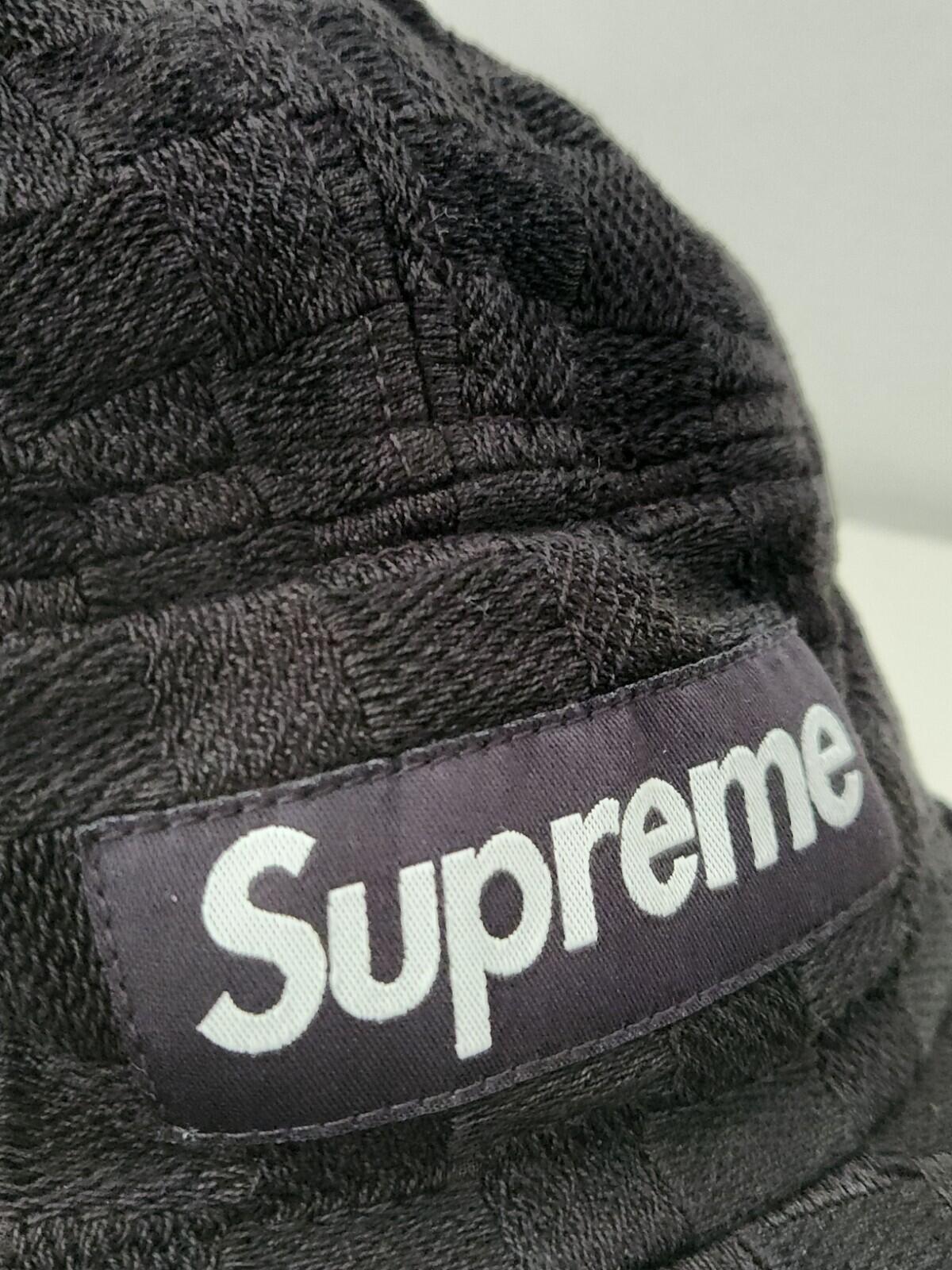 FW17 Supreme Checker Weave Camp Cap Black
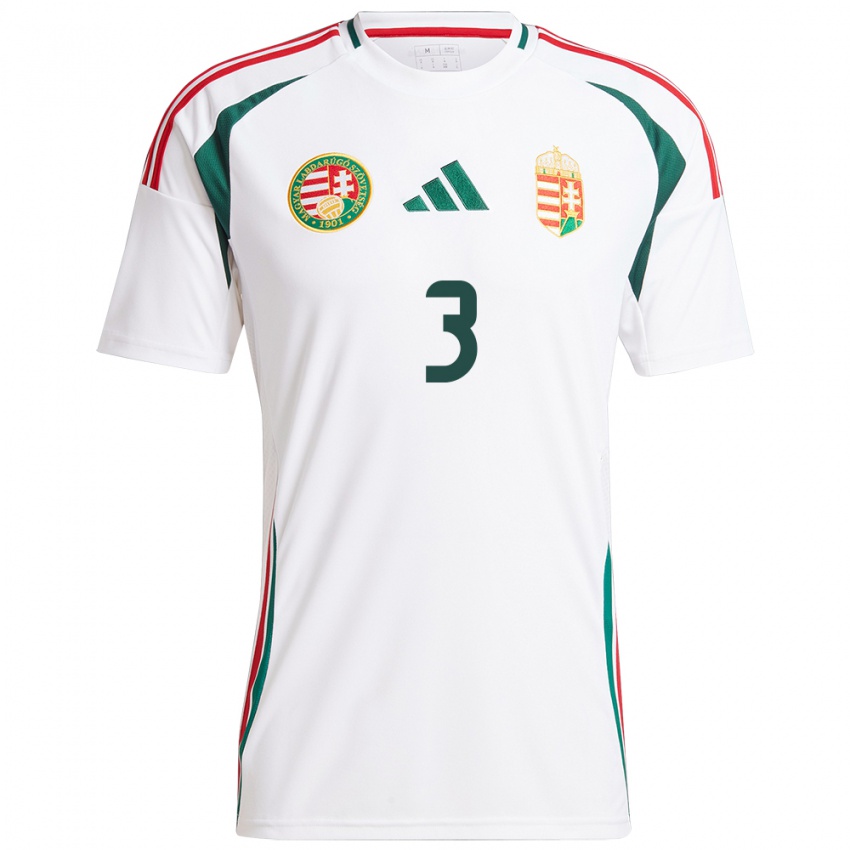 Hombre Camiseta Hungría Attila Mocsi #3 Blanco 2ª Equipación 24-26 La Camisa Argentina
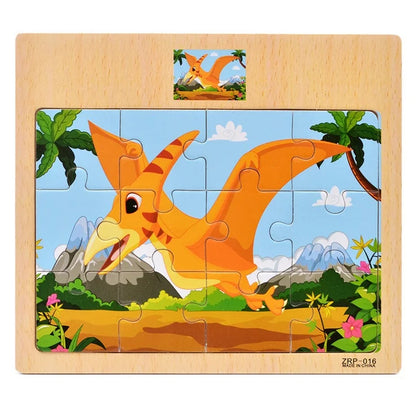 Houten Dieren Puzzel 12 Stukjes - Educatief Speelgoed voor Kinderen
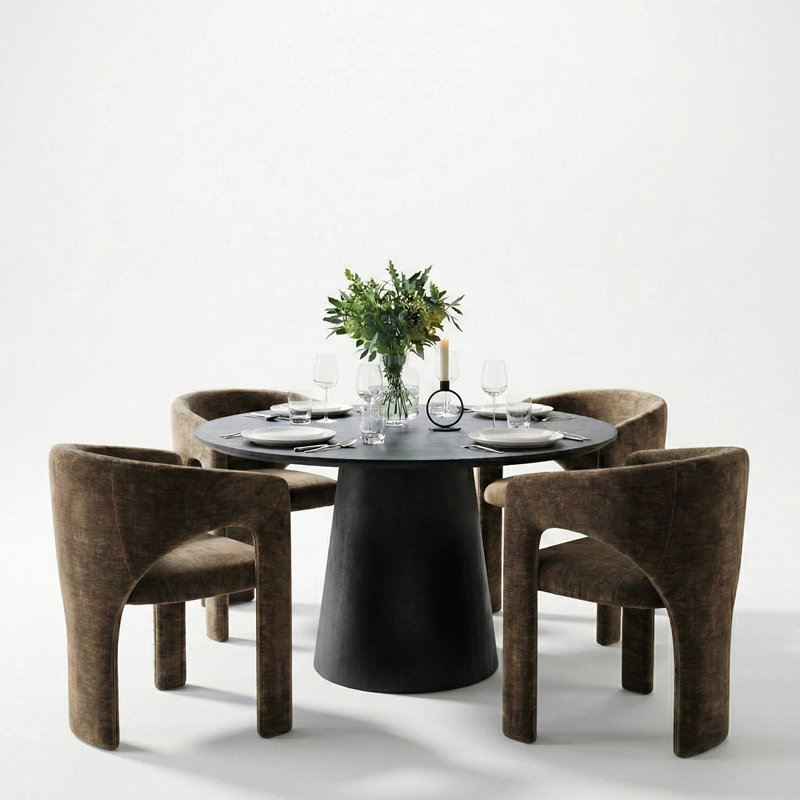 47"–83" Extendable Oval Dining Table Set with Upholstered Chairs, Chocolate Brown, 5 Pieces: Table, 4 Chairs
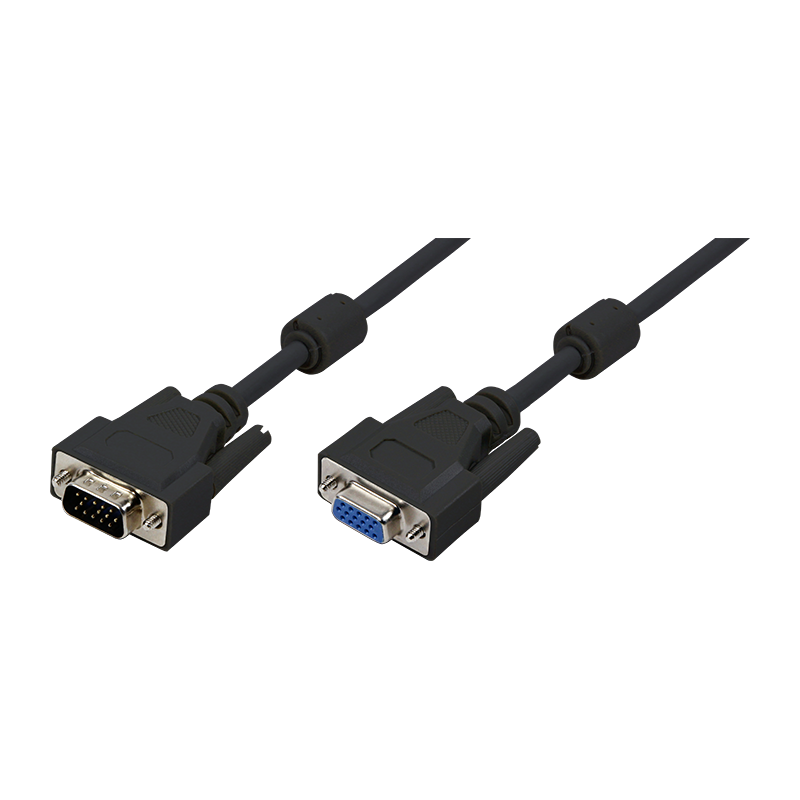 VGA-Kabel, HD15/M zu HD15/F, 1080p, 2x Ferrit, schwarz, 5 m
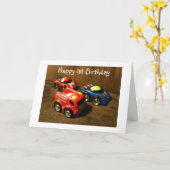 Carte 1er ANNIVERSAIRE - VOITURE DE COURSE ACCUEILLIE (Fleur jaune)
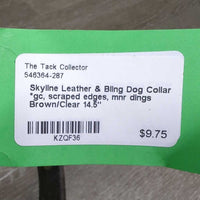 Leather & Bling Dog Collar *gc, scraped edges, mnr dings
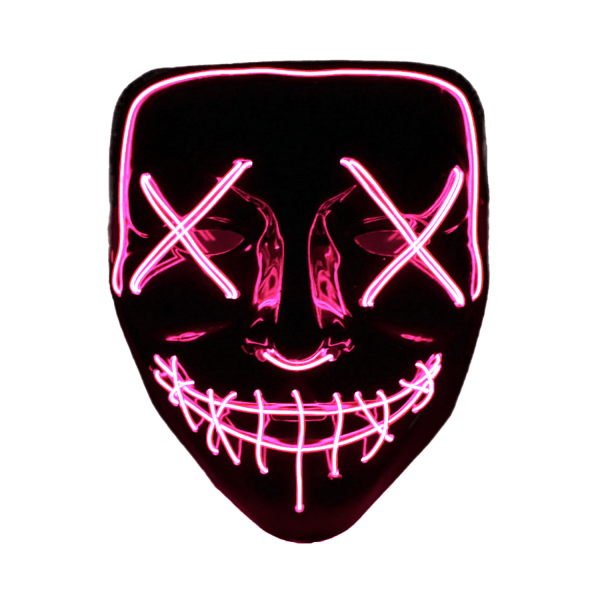 The Purge El Wire Halloween LED Mask Svart (Rosa)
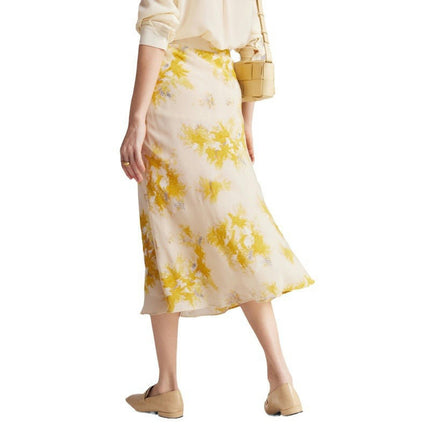 Womens Floral Print Midi Length Skirt Silk High Waist Elegant Skirts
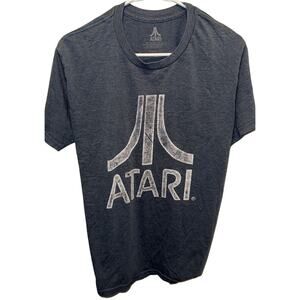 Size M - Men’s Atari Grey Distressed Logo Short Sleeve Tee Shirt - Grey/White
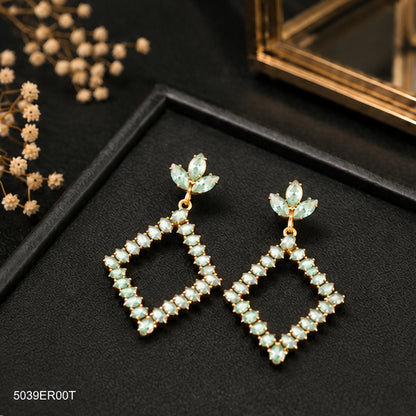 Mint Crystal Geometric Earrings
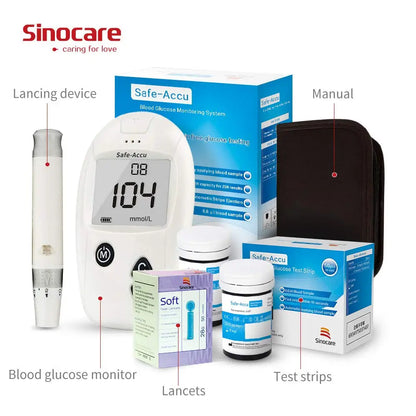 Sinocare Safe-Accu Lecteur de glycémie 50/100 bandelettes de test lancettes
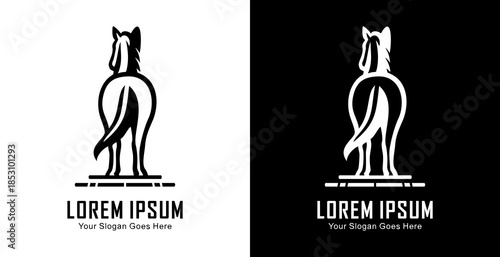 Horse logo design with back view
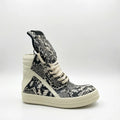 PENDRA Python Leather Black Leather High-Top Python-Pattern Platform Ankle Boots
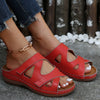 Image of European And American Plus Size Slippers Summer New Velcro Wedge Shopping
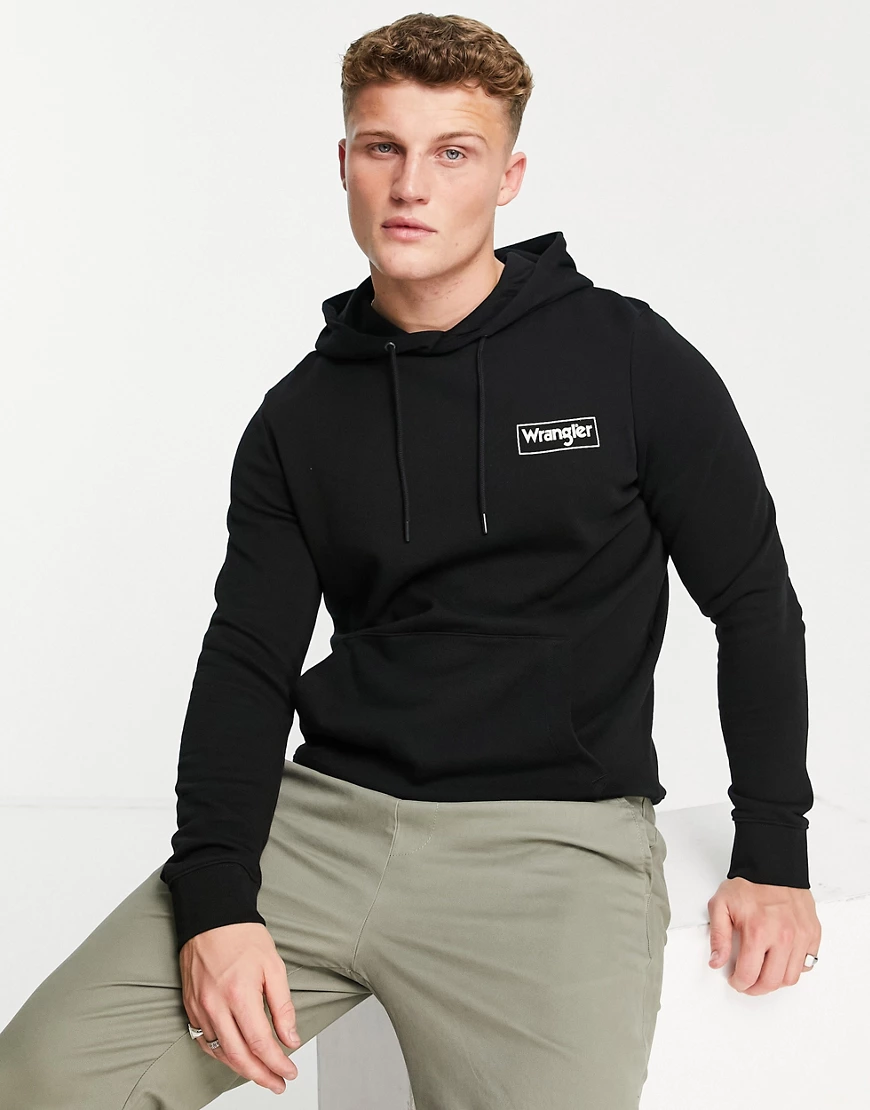 Wrangler – Kapuzenpullover in Schwarz günstig online kaufen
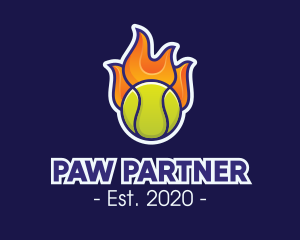 Flaming Tennis Ball logo design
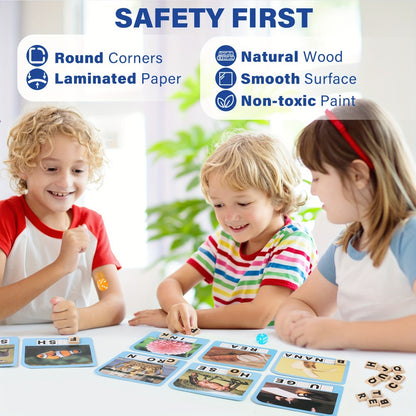 Spelling Flash Card Game for Kids Ages 4-8 — 224 Phonics Sight Word Flashcards, 208 Wood Letter Tiles & Dice, Kindergarten Homeschool ESL Autism Learning Toy, Birthday Christmas Gift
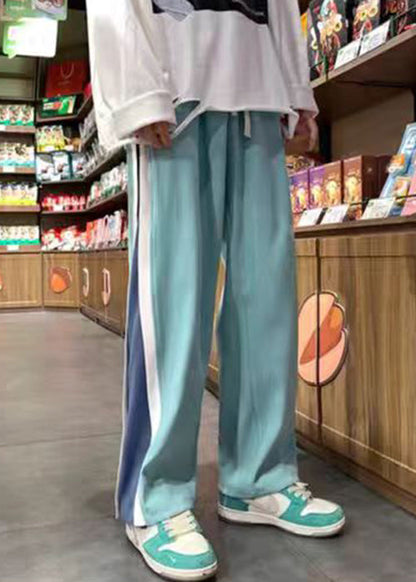 Green Elastic Waist Patchwork Cotton Pants Spring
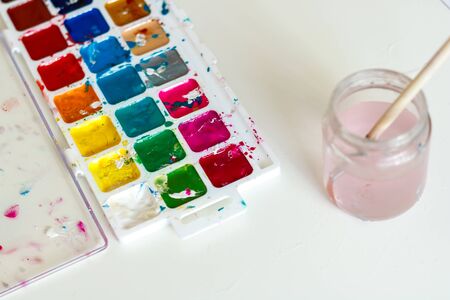 bright watercolor paints on light background. watercolor background. bright watercolor paletteの写真素材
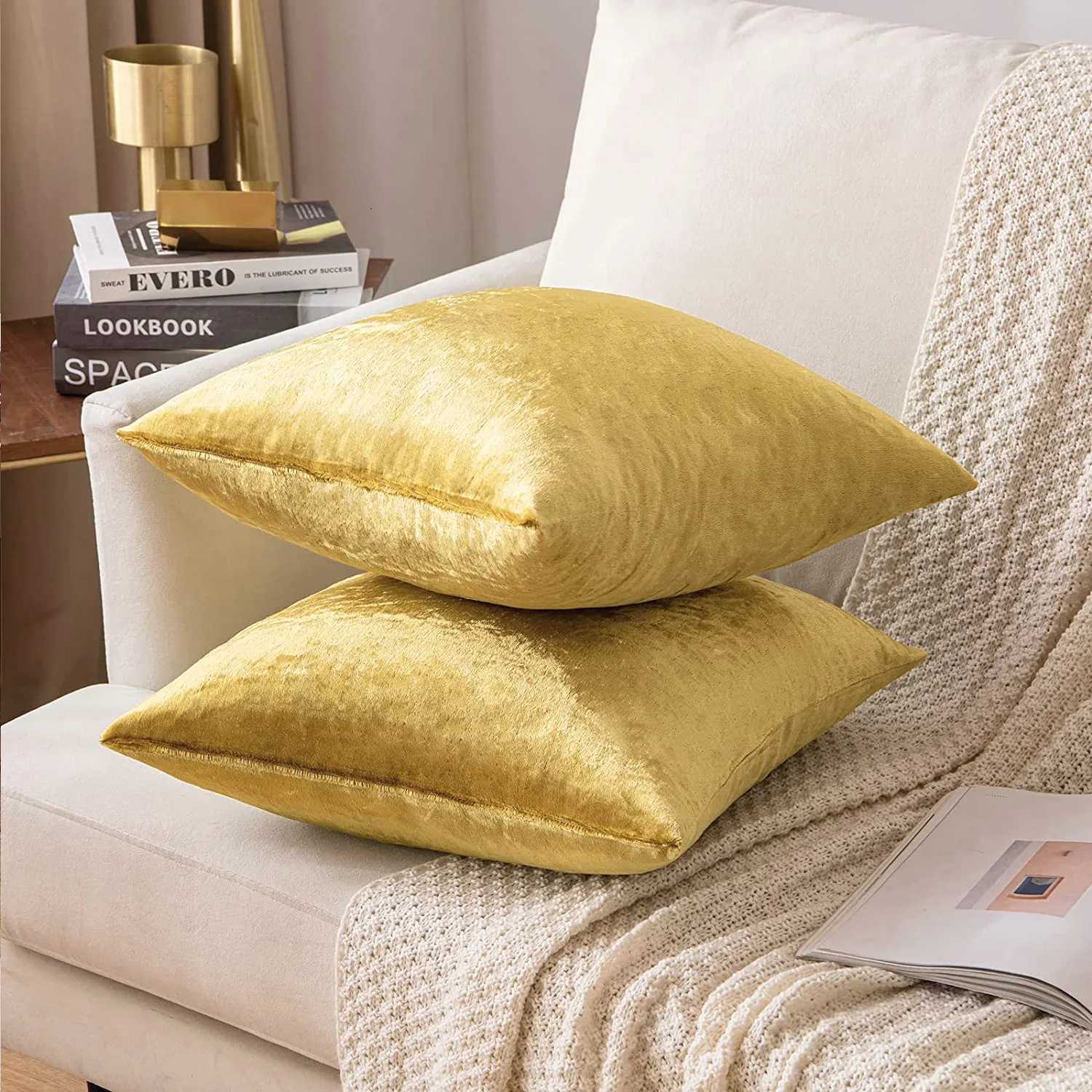 Gold Christmas Gift Cushion Cover Home Decorative Luxury Velvet Rectangular Cover case for Sofa Bed 30x50cm 45x45cmM251119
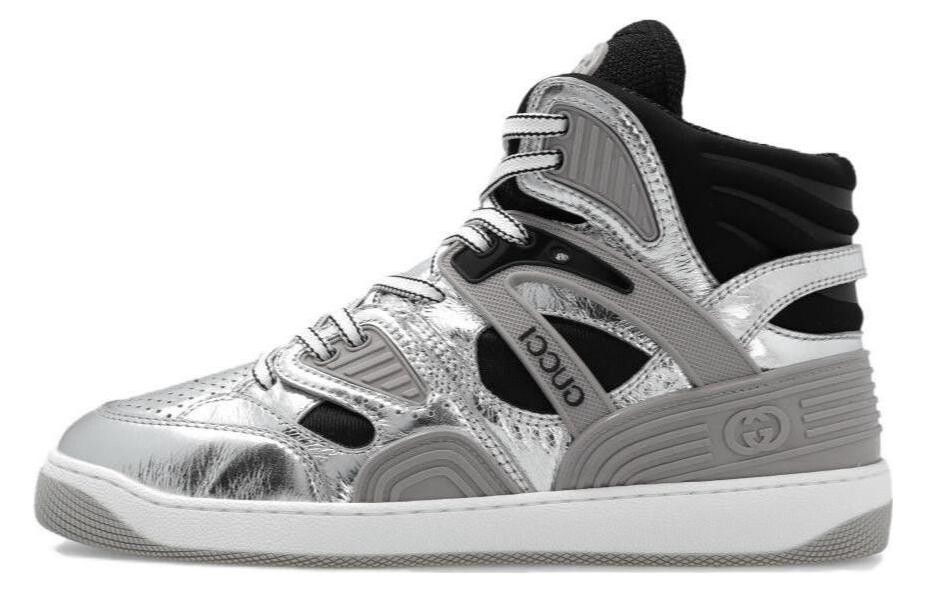 Кроссовки Gucci Basket High, серебряный / черный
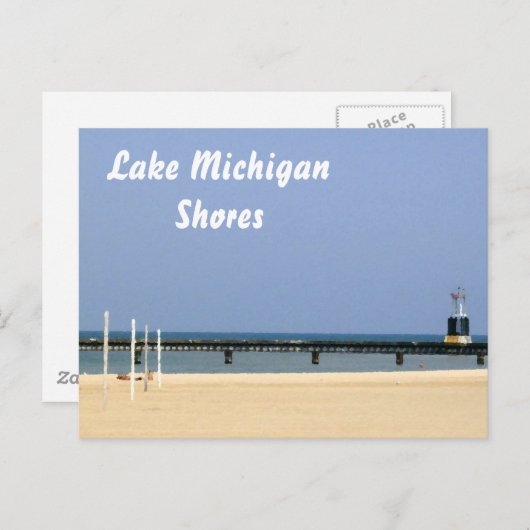 Leuchtfeuer des Lake Michigan Postkarte (Vorne/Hinten)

#####

*Problem statement*. Each entry must be reproduced word for word, and any image among them left out.

*Solved problem*.
 FW17 Supreme Checker Weave Camp Cap Black
 Hombre Camiseta Hungría Attila Mocsi #3 Blanco 2ª Equipación 24-26 La Camisa Argentina
 Houten Dieren Puzzel 12 Stukjes - Educatief Speelgoed voor Kinderen
 47"–83" Extendable Oval Dining Table Set with Upholstered Chairs, Chocolate Brown, 5 Pieces: Table, 4 Chairs
 VGA-Kabel, HD15/M zu HD15/F, 1080p, 2x Ferrit, schwarz, 5 m
 Carte 1er ANNIVERSAIRE - VOITURE DE COURSE ACCUEILLIE (Fleur jaune)
 Leather & Bling Dog Collar *gc, scraped edges, mnr dings
 The Purge El Wire Halloween LED Mask Svart (Rosa)
 Womens Floral Print Midi Length Skirt Silk High Waist Elegant Skirts
 Size M - Men’s Atari Grey Distressed Logo Short Sleeve Tee Shirt - Grey/White
 Mint Crystal Geometric Earrings
 Sinocare Safe-Accu Lecteur de glycémie 50/100 bandelettes de test lancettes
 Horse logo design with back view
 PENDRA Python Leather Black Leather High-Top Python-Pattern Platform Ankle Boots
 Image of European And American Plus Size Slippers Summer New Velcro Wedge Shopping
 Wrangler – Kapuzenpullover in Schwarz günstig online kaufen
 Flaming Tennis Ball logo design
 Spelling Flash Card Game for Kids Ages 4-8 — 224 Phonics Sight Word Flashcards, 208 Wood Letter Tiles & Dice, Kindergarten Homeschool ESL Autism Learning Toy, Birthday Christmas Gift
 Green Elastic Waist Patchwork Cotton Pants Spring
 bright watercolor paints on light background. watercolor background. bright watercolor paletteの写真素材
 Gold Christmas Gift Cushion Cover Home Decorative Luxury Velvet Rectangular Cover case for Sofa Bed 30x50cm 45x45cmM251119
 Кроссовки Gucci Basket High, серебряный / черный
 Leuchtfeuer des Lake Michigan Postkarte (Vorne/Hinten)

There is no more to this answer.